Abstract 3077: Mid-Regional Pro-Adrenomedullin Predicts Risk of Death or Heart Failure in Patients with Acute Myocardial Infarction - the Leicester Acute Myocardial Infarction Peptide (LAMP) Study
Background: Adrenomedullin (ADM), a vasodilator peptide, which is elevated in heart failure, predicts death post AMI. Clinical use has been limited. Its precursor mid-regional proADM (MR-proADM) is more stable in circulation and ex vivo. We sought to investigate the cardiovascular prognostic value of MR-proADM and compared it to N terminal B type natriuretic peptide (NT-BNP), a marker of death and heart failure
Methods: We studied 983 consecutive post AMI patients (721 men, mean age 65.0 ± 12.2 years). Plasma measurements were made 3–5 days after chest pain onset. The plasma concentration of NT-BNP was determined using an in-house non-competitive chemiluminescent immunoassay and MR-proADM was detected using a novel commercial assay (BRAHMS AG). Patients were followed-up for the combined endpoint of death or heart failure.
Results: Over the median follow up period of 342 days (range 0–764) there were 101 deaths and 49 readmissions with HF. MR-proADM was raised in patients with death or heart failure compared to survivors (median [range] nmol/L, 1.17[0.09–5.39] vs. 0.7[0.25– 6.66], p<0.0001).

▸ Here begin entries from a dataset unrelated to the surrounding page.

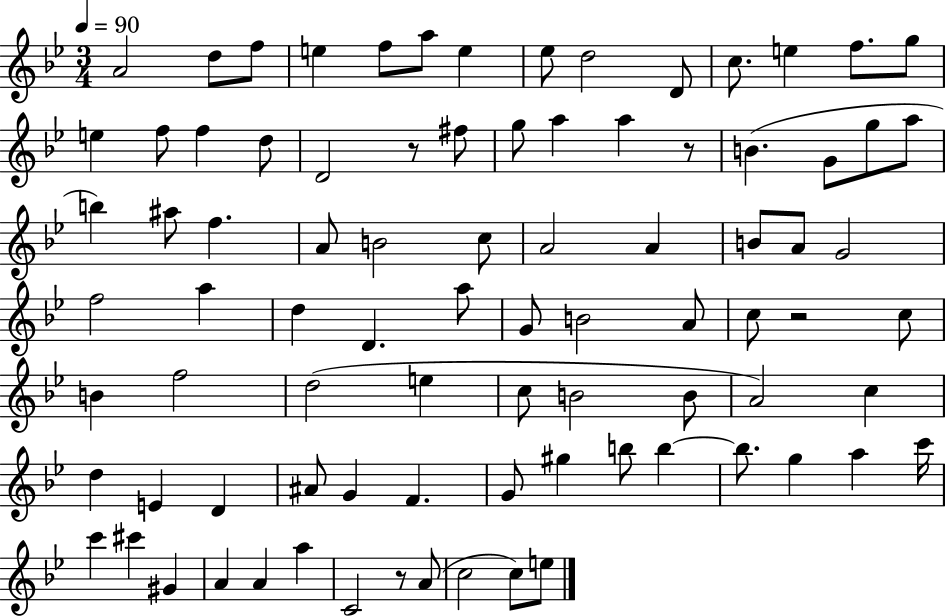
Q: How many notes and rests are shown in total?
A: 86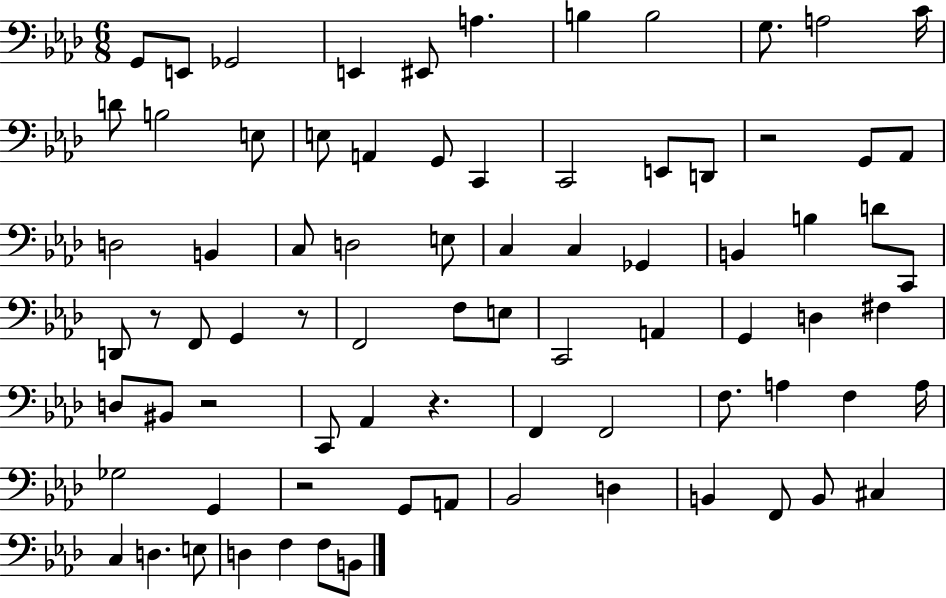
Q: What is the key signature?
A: AES major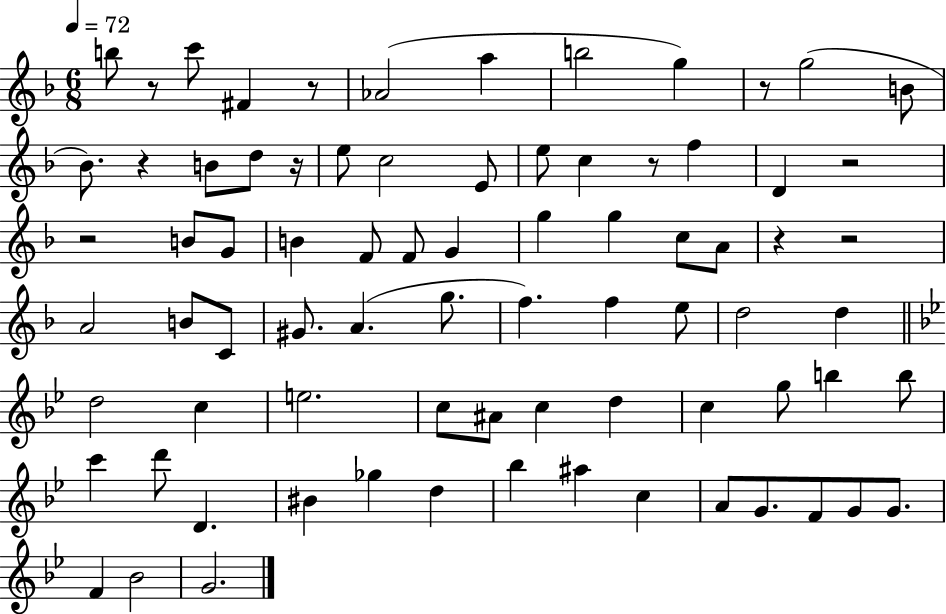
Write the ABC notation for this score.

X:1
T:Untitled
M:6/8
L:1/4
K:F
b/2 z/2 c'/2 ^F z/2 _A2 a b2 g z/2 g2 B/2 _B/2 z B/2 d/2 z/4 e/2 c2 E/2 e/2 c z/2 f D z2 z2 B/2 G/2 B F/2 F/2 G g g c/2 A/2 z z2 A2 B/2 C/2 ^G/2 A g/2 f f e/2 d2 d d2 c e2 c/2 ^A/2 c d c g/2 b b/2 c' d'/2 D ^B _g d _b ^a c A/2 G/2 F/2 G/2 G/2 F _B2 G2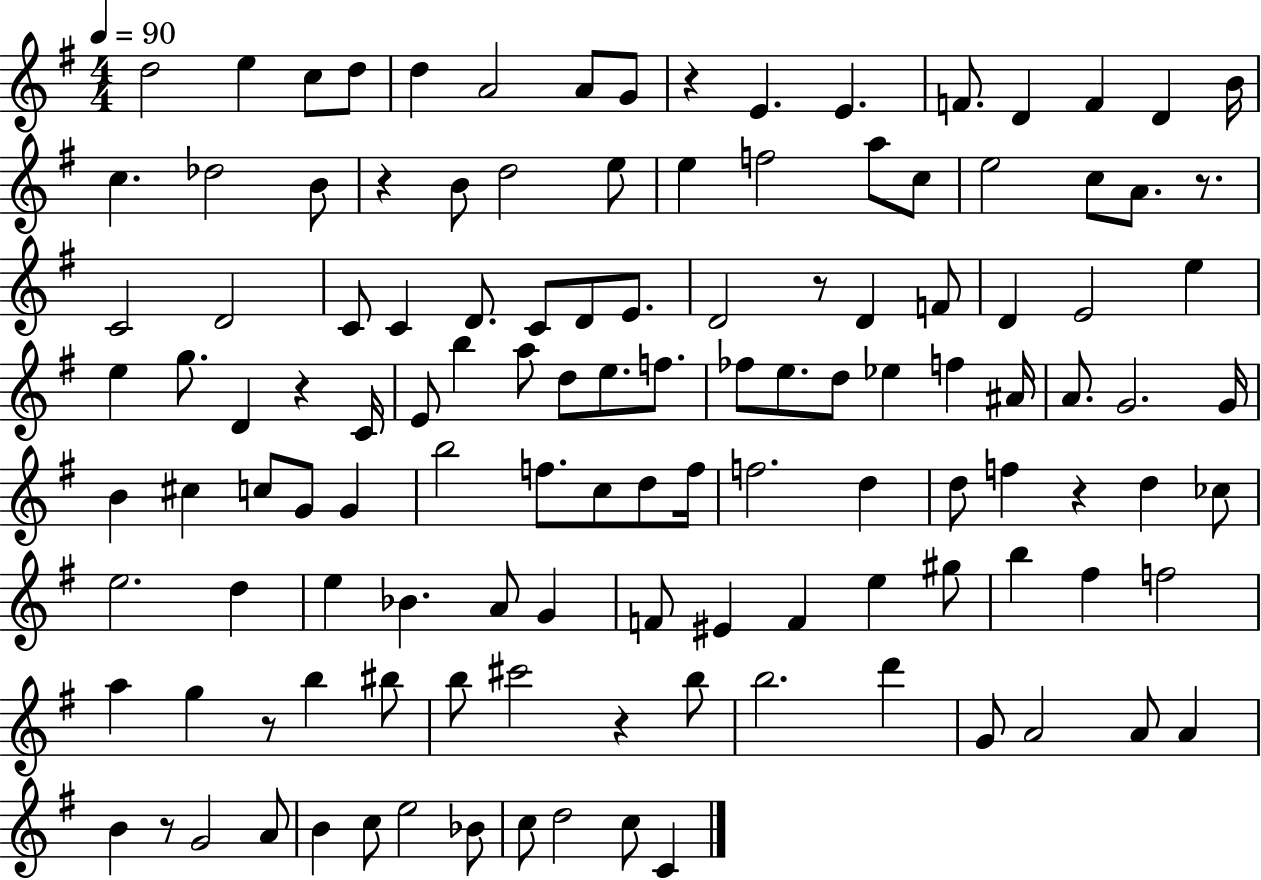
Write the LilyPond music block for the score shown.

{
  \clef treble
  \numericTimeSignature
  \time 4/4
  \key g \major
  \tempo 4 = 90
  d''2 e''4 c''8 d''8 | d''4 a'2 a'8 g'8 | r4 e'4. e'4. | f'8. d'4 f'4 d'4 b'16 | \break c''4. des''2 b'8 | r4 b'8 d''2 e''8 | e''4 f''2 a''8 c''8 | e''2 c''8 a'8. r8. | \break c'2 d'2 | c'8 c'4 d'8. c'8 d'8 e'8. | d'2 r8 d'4 f'8 | d'4 e'2 e''4 | \break e''4 g''8. d'4 r4 c'16 | e'8 b''4 a''8 d''8 e''8. f''8. | fes''8 e''8. d''8 ees''4 f''4 ais'16 | a'8. g'2. g'16 | \break b'4 cis''4 c''8 g'8 g'4 | b''2 f''8. c''8 d''8 f''16 | f''2. d''4 | d''8 f''4 r4 d''4 ces''8 | \break e''2. d''4 | e''4 bes'4. a'8 g'4 | f'8 eis'4 f'4 e''4 gis''8 | b''4 fis''4 f''2 | \break a''4 g''4 r8 b''4 bis''8 | b''8 cis'''2 r4 b''8 | b''2. d'''4 | g'8 a'2 a'8 a'4 | \break b'4 r8 g'2 a'8 | b'4 c''8 e''2 bes'8 | c''8 d''2 c''8 c'4 | \bar "|."
}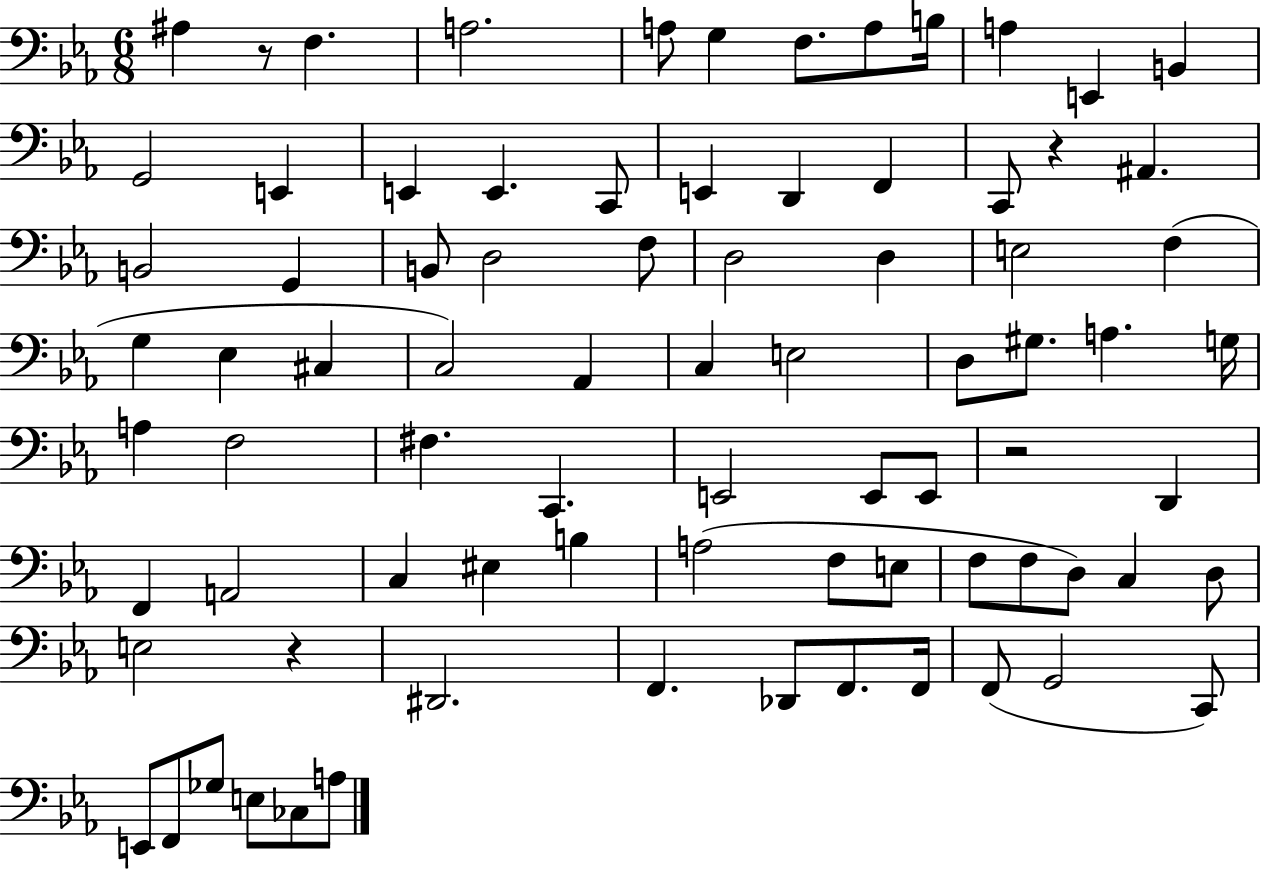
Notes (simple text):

A#3/q R/e F3/q. A3/h. A3/e G3/q F3/e. A3/e B3/s A3/q E2/q B2/q G2/h E2/q E2/q E2/q. C2/e E2/q D2/q F2/q C2/e R/q A#2/q. B2/h G2/q B2/e D3/h F3/e D3/h D3/q E3/h F3/q G3/q Eb3/q C#3/q C3/h Ab2/q C3/q E3/h D3/e G#3/e. A3/q. G3/s A3/q F3/h F#3/q. C2/q. E2/h E2/e E2/e R/h D2/q F2/q A2/h C3/q EIS3/q B3/q A3/h F3/e E3/e F3/e F3/e D3/e C3/q D3/e E3/h R/q D#2/h. F2/q. Db2/e F2/e. F2/s F2/e G2/h C2/e E2/e F2/e Gb3/e E3/e CES3/e A3/e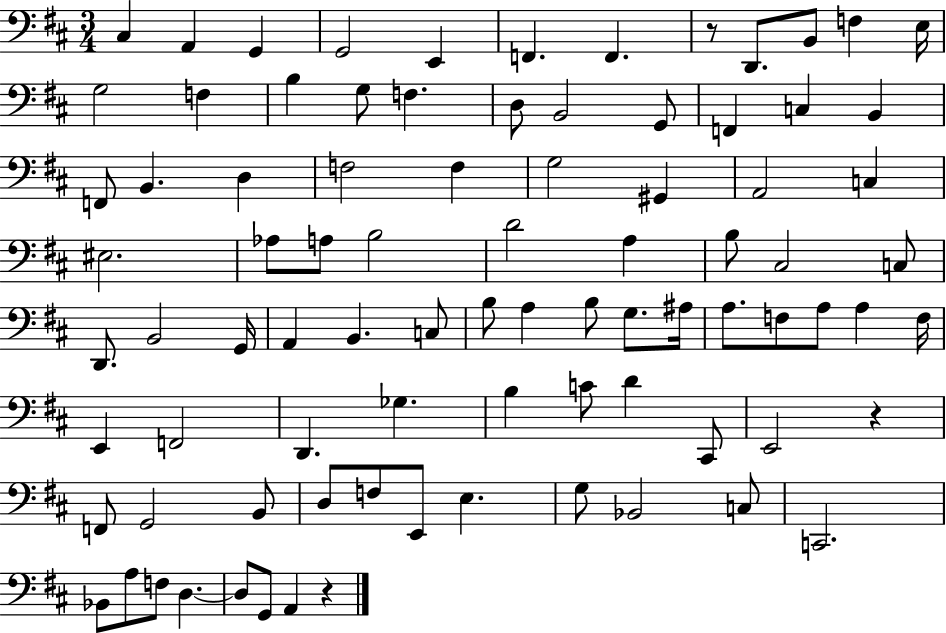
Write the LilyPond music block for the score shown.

{
  \clef bass
  \numericTimeSignature
  \time 3/4
  \key d \major
  cis4 a,4 g,4 | g,2 e,4 | f,4. f,4. | r8 d,8. b,8 f4 e16 | \break g2 f4 | b4 g8 f4. | d8 b,2 g,8 | f,4 c4 b,4 | \break f,8 b,4. d4 | f2 f4 | g2 gis,4 | a,2 c4 | \break eis2. | aes8 a8 b2 | d'2 a4 | b8 cis2 c8 | \break d,8. b,2 g,16 | a,4 b,4. c8 | b8 a4 b8 g8. ais16 | a8. f8 a8 a4 f16 | \break e,4 f,2 | d,4. ges4. | b4 c'8 d'4 cis,8 | e,2 r4 | \break f,8 g,2 b,8 | d8 f8 e,8 e4. | g8 bes,2 c8 | c,2. | \break bes,8 a8 f8 d4.~~ | d8 g,8 a,4 r4 | \bar "|."
}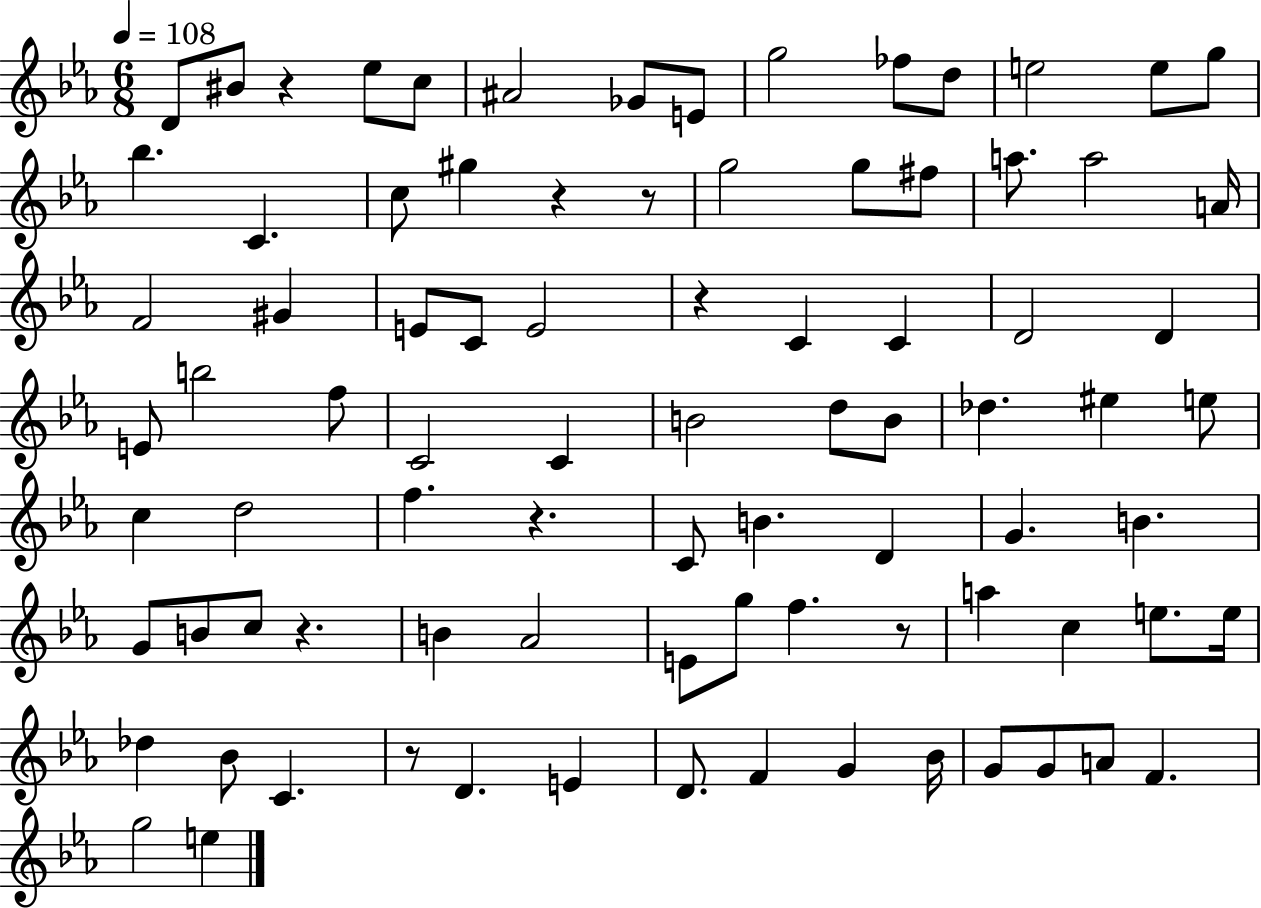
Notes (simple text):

D4/e BIS4/e R/q Eb5/e C5/e A#4/h Gb4/e E4/e G5/h FES5/e D5/e E5/h E5/e G5/e Bb5/q. C4/q. C5/e G#5/q R/q R/e G5/h G5/e F#5/e A5/e. A5/h A4/s F4/h G#4/q E4/e C4/e E4/h R/q C4/q C4/q D4/h D4/q E4/e B5/h F5/e C4/h C4/q B4/h D5/e B4/e Db5/q. EIS5/q E5/e C5/q D5/h F5/q. R/q. C4/e B4/q. D4/q G4/q. B4/q. G4/e B4/e C5/e R/q. B4/q Ab4/h E4/e G5/e F5/q. R/e A5/q C5/q E5/e. E5/s Db5/q Bb4/e C4/q. R/e D4/q. E4/q D4/e. F4/q G4/q Bb4/s G4/e G4/e A4/e F4/q. G5/h E5/q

Using a multivariate binary logistic model, log MR-proADM (OR 4.22), log NT-BNP (OR 3.19), log creatinine (OR 8.24), age (OR 1.04), male gender (OR 0.65) and past history of MI (OR 2.51), were significant independent predictors of death or heart failure. The receiver-operating curve for MR-proADM yielded an area under the curve (AUC) of 0.76(95% CI: 0.72– 0.81, p<0.001) for NT-BNP the AUC was 0.79 (95% CI: 0.75– 0.83, p<0.001); the logistic model combining the 2 markers yielded an AUC of 0.84 (95% CI: 0.81– 0.88, p<0.001). The Cox proportional hazards model for predicting death or heart failure revealed the same variables (including log MR-proADM (HR 3.62), log NT-BNP (HR 2.66)). Kaplan-Meier analysis confirmed significantly better clinical outcome in patients with MR-proADM below the median in patients stratified by NT-BNP (below median, p<0.02, above median p<0.0001). Similar findings were obtained with death and heart failure as individual endpoints.
Conclusion: After an AMI, combined levels of MR-proADM and NT-BNP are more informative at predicting death or heart failure than either marker alone. MR-proADM is especially useful in patients with NT-BNP above median.